Aldus vastgesteld door mr. D.A. Verburg, lid van de enkelvoudige kamer, in tegenwoordigheid van mr. J.V. Veldwijk, griffier.
w.g. Verburg
lid van de enkelvoudige kamer
w.g. Veldwijk
griffier
Uitgesproken in het openbaar op 11 december 2024
912-1069
BIJLAGE - Wettelijk kader
Wet algemene bepalingen omgevingsrecht
Artikel 2.1
1. Het is verboden zonder omgevingsvergunning een project uit te voeren, voor zover dat geheel of gedeeltelijk bestaat uit:
a. het bouwen van een bouwwerk,
[…]
c. het gebruiken van gronden of bouwwerken in strijd met een bestemmingsplan, een beheersverordening, een exploitatieplan, de regels gesteld krachtens artikel 4.1, derde lid, of 4.3, derde lid, van de Wet ruimtelijke ordening of een voorbereidingsbesluit voor zover toepassing is gegeven aan artikel 3.7, vierde lid, tweede volzin, van die wet,
[…]
Besluit omgevingsrecht
Bijlage II
Artikel 3
[…]
8. een verandering van een bouwwerk, mits wordt voldaan aan de volgende eisen:
a. geen verandering van de draagconstructie,
b. geen verandering van de brandcompartimentering of beschermde subbrandcompartimentering,
c. geen uitbreiding van de bebouwde oppervlakte, en
d. geen uitbreiding van het bouwvolume.
Artikel 5
1. Bij de toepassing van de artikelen 2, 3 en 4 blijft het aantal woningen gelijk.

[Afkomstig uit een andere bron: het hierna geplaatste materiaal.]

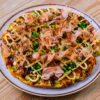 okonomiyaki sur fond de bois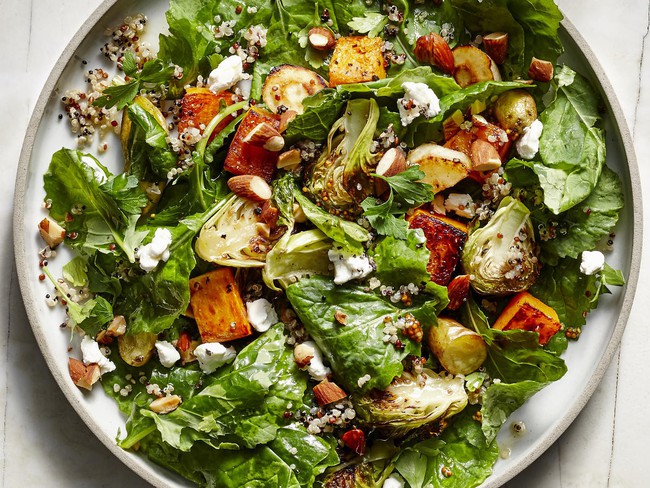 Muốn ăn salad để giảm cân thì phải ăn như thế này, chọn sai món là bạn sẽ tăng cân ngay - Ảnh 1. Muốn ăn salad để giảm cân thì phải ăn như thế này, chọn sai món là bạn sẽ tăng cân ngay - Ảnh 1.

Deze eis is niet van toepassing op de gevallen, bedoeld in:
a. de artikelen 2, onderdelen 3 en 22, en 3, onderdeel 1, voor zover het betreft huisvesting in verband met mantelzorg,
b. artikel 4, onderdeel 1, voor zover het betreft huisvesting in verband met mantelzorg,
c. artikel 4, onderdelen 9 en 11.
[…]
Bestemmingsplan "Stadsdeel Zuid-Midden karakteristieke panden", zoals gewijzigd door het bestemmingsplan "Parapluherziening begeleid wonen digitale plannen"
Artikel 1.39 gestapelde woning
Een woning in een woongebouw waarin 2 of meer zelfstandige woningen boven elkaar en eventueel ook naast elkaar zijn gebouwd.
Artikel 1.67 twee-onder-een-kapwoningen
Twee woningen waarvan de hoofdgebouwen aan elkaar zijn gebouwd.
Artikel 1.74 woning
Een gebouw of een zelfstandig gedeelte van een gebouw dat bedoeld is voor de huisvesting van personen.
Artikel 8 Wonen
8.1 Bestemmingsomschrijving
De voor 'Wonen' aangewezen gronden zijn bestemd voor:
a. woningen,;
[…]
8.2 Bouwregels
8.2.1 Toegestane woningtypen
Als woningtypen zijn toegestaan:
a. ter plaatse van de aanduiding 'aaneengebouwd': aaneengebouwde woningen;
b. ter plaatse van de aanduiding 'gestapeld': gestapelde woningen;
c. ter plaatse van de aanduiding 'twee-aaneen': twee-onder-een-kapwoningen en vrijstaande woningen;
d. ter plaatse van de aanduiding 'vrijstaand': vrijstaande woningen.